The Mudcat Café TM
Thread #151520   Message #3537717
Posted By: Keith A of Hertford
15-Jul-13 - 12:40 PM
Thread Name: Folklore/History: Irish Famine
Subject: RE: BS: Irish Famine
Prof Stephen Davies, same piece.
"In traditional Irish history the blame for this great disaster is placed firmly on the British government. For exponents of this view such as Cecil Woodham-Smith, the death and suffering happened because of the incompetence, callous indifference, and rigid attachment to laissez faire of the British government and its Irish chief secretary, Charles Trevelyan.2 For some the culpability was even more serious. For nationalist historians the British policy was genocidal and the outcome intended or welcomed. This view is still widely held, and not only in Ireland.

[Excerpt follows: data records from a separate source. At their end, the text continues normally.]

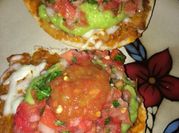 Una foto de bolillo frijol y queso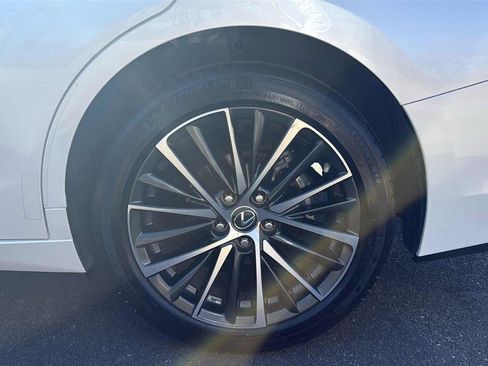 Used 2024 Lexus ES 350 w/ Premium Package image 28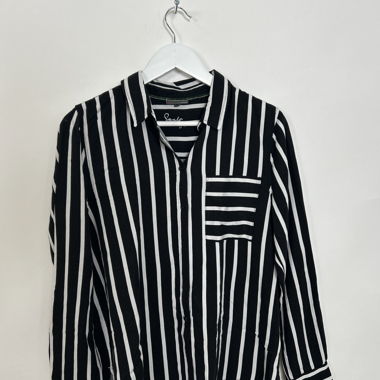 Chemise à rayures boutonnée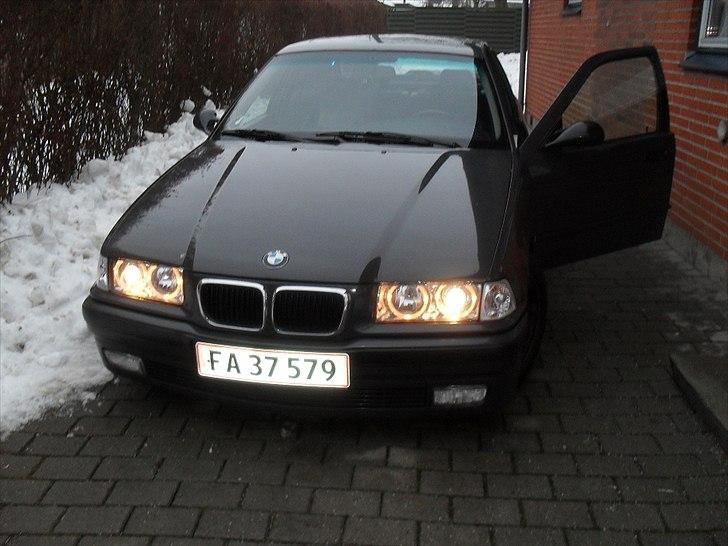 BMW 320i E36 billede 5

In 1996 an act was passed in New York State requiring that all schools teach the Irish famine as an act of British genocide.3 The reality is more complex, more interesting in some ways, and leads to very different conclusions about events both then and today.
.......
How culpable were the British ministers of the 1840s? They are charged with having given inadequate, limited relief because of their commitment to a doctrine of laissez faire. However, given the scale of the problem and the acute nature of the crisis once the harvest had failed for a second time in 1846, there was little they could do. Moreover, the root of the problem, as most contemporary observers agreed, was the nature of the Irish land system, and to support the system would only lead to further famines in the future. A policy that had the effect of keeping large numbers on the land and preventing agricultural improvement was bound to have disastrous results. Moreover, the Corn Laws prevented large-scale importation of grain into Ireland until after they were repealed in 1846 (partly because of perceptions of their impact on Ireland) and so the initial response of market forces to the acute food shortage caused by the blight was so blunted as to be minimal.
What should we learn from this terrible story? First, governments are not as powerful or effective in relieving disaster as many believe. The cry "We must do something" is very seductive, but often "doing something" will be ineffective, may even make matters worse, or will preserve the factors that produced the problem in the first place.